- [PROVIDED DATA]:
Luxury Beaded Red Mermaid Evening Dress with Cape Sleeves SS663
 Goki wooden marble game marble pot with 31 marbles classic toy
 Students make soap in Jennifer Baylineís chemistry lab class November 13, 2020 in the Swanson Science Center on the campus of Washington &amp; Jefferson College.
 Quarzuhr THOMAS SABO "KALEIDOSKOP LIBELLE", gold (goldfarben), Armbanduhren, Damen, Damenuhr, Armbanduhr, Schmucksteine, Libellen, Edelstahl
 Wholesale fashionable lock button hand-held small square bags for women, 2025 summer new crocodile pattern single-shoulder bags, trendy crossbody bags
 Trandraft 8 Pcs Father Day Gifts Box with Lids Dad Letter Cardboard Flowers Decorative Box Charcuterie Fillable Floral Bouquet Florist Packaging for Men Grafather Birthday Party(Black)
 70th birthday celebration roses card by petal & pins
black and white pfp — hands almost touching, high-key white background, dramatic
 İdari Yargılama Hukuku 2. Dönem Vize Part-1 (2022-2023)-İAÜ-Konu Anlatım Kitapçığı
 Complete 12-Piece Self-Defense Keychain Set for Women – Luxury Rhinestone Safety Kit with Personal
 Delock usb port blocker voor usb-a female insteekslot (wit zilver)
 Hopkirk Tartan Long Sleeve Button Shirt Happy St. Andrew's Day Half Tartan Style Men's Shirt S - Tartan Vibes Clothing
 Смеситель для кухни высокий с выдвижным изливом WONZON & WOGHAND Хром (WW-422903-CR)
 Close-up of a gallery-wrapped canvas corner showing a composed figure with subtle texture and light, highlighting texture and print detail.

- [AIM OF THE TASK]:
Retype each of the preceding records exactly as printed.

- [RESPONSE AREA]:
Luxury Beaded Red Mermaid Evening Dress with Cape Sleeves SS663
 Goki wooden marble game marble pot with 31 marbles classic toy
 Students make soap in Jennifer Baylineís chemistry lab class November 13, 2020 in the Swanson Science Center on the campus of Washington &amp; Jefferson College.
 Quarzuhr THOMAS SABO "KALEIDOSKOP LIBELLE", gold (goldfarben), Armbanduhren, Damen, Damenuhr, Armbanduhr, Schmucksteine, Libellen, Edelstahl
 Wholesale fashionable lock button hand-held small square bags for women, 2025 summer new crocodile pattern single-shoulder bags, trendy crossbody bags
 Trandraft 8 Pcs Father Day Gifts Box with Lids Dad Letter Cardboard Flowers Decorative Box Charcuterie Fillable Floral Bouquet Florist Packaging for Men Grafather Birthday Party(Black)
 70th birthday celebration roses card by petal & pins
black and white pfp — hands almost touching, high-key white background, dramatic
 İdari Yargılama Hukuku 2. Dönem Vize Part-1 (2022-2023)-İAÜ-Konu Anlatım Kitapçığı
 Complete 12-Piece Self-Defense Keychain Set for Women – Luxury Rhinestone Safety Kit with Personal
 Delock usb port blocker voor usb-a female insteekslot (wit zilver)
 Hopkirk Tartan Long Sleeve Button Shirt Happy St. Andrew's Day Half Tartan Style Men's Shirt S - Tartan Vibes Clothing
 Смеситель для кухни высокий с выдвижным изливом WONZON & WOGHAND Хром (WW-422903-CR)
 Close-up of a gallery-wrapped canvas corner showing a composed figure with subtle texture and light, highlighting texture and print detail.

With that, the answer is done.